What Are Structural Fasteners?
Steel sections can be fastened together by rivets, bolts, and welds. While rivets were used quite extensively in the past, their use in modern steel construction has become almost obsolete. Bolts have essentially replaced rivets as the primary means to connect nonwelded structural components.
Four basic types of bolts are commonly in use. They are designated by ASTM as A307, A325, A490, and A449. A307 bolts are called unfinished or ordinary bolts. They are made from low carbon steel.
Two grades (A and B) are available. They are available in diameters from 1/4 in. to 4 in. in 1/8 in. increments. They are used primarily for low-stress connections and for secondary members. A325 and A490 bolts are called high-strength bolts. A325 bolts are made from a heat treated medium carbon steel.
They are available in three types: Type1—bolts made of medium carbon steel; Type 2—bolts made of low carbon martensite steel; and Type 3—bolts having atmospheric corrosion resistance and weathering characteristics comparable to A242 and A588 steel. A490 bolts are made from quenched and tempered alloy steel and thus have a higher strength than A325 bolts.
Like A325 bolts, three types (Types 1 to 3) are available. Both A325 and A490 bolts are available in diameters from 1/2 in. to 1-1/2 in. in 1/8 in. increments. They are used for general construction purposes.
A449 bolts are made from quenched and tempered steel. They are available in diameters from 1/4 in. to 3 in. A449 bolts are used when diameters over 1-1/2 in. are needed. They are also used for anchor bolts and threaded rod.

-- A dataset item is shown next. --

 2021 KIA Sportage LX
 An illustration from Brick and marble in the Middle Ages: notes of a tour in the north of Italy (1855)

High-strength bolts can be tightened to two conditions of tightness: snug-tight and fully tight. Snug-tight conditions can be attained by a few impacts of an impact wrench, or the full effort of a worker using an ordinary spud wrench.

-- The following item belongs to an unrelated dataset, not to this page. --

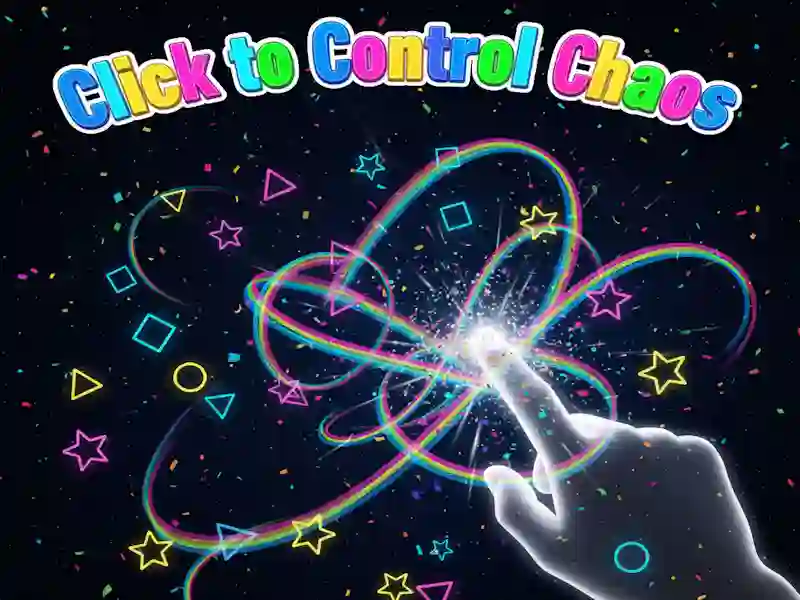 Trò chơi Nhấp để kiểm soát sự hỗn loạn trực tuyến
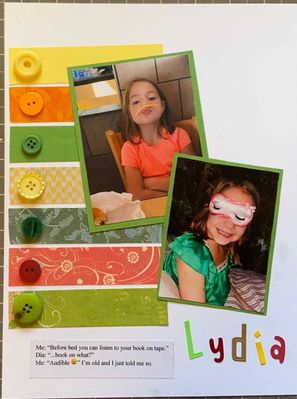 LYDIA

Snug-tight conditions must be clearly identified on the design drawing and are permitted only if the bolts are not subjected to tension loads, and loosening or fatigue due to vibration or load fluctuations are not design considerations.

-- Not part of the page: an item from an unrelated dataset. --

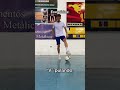 treine isso pra melhorar sua perna “ruim” tutorial futsal shorts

Bolts used in slip critical conditions (i.e., conditions for which the integrity of the connected parts is dependent on the frictional force developed between the interfaces of the joint) and in conditions where the bolts are subjected to direct tension are required to be fully tightened to develop a pretension force equal to about 70% of the minimum tensile stress Fu of the material from which the bolts aremade.
This can be accomplished by using the turn-of-the-nut method, the calibrated wrench method, or by the use
of alternate design fasteners or direct tension indicator.
Welding is a very effective means to connect two or more pieces of material together. The four most commonly used welding processes are Shielded Metal Arc Welding (SMAW), Submerged Arc Welding (SAW), Gas Metal Arc Welding (GMAW), and Flux Core Arc Welding (FCAW).
Welding can be done with or without filler materials although most weldings used for construction utilized filler materials. The filler materials used in modern day welding processes are electrodes. Table 3.2
Finished welds should be inspected to ensure their quality. Inspection should be performed by qualified welding inspectors. A number of inspection methods are available for weld inspections.
They include visual, the use of liquid penetrants, magnetic particles, ultrasonic equipment, and radiographic methods. Discussion of these and other welding inspection techniques can be found in the Welding Handbook.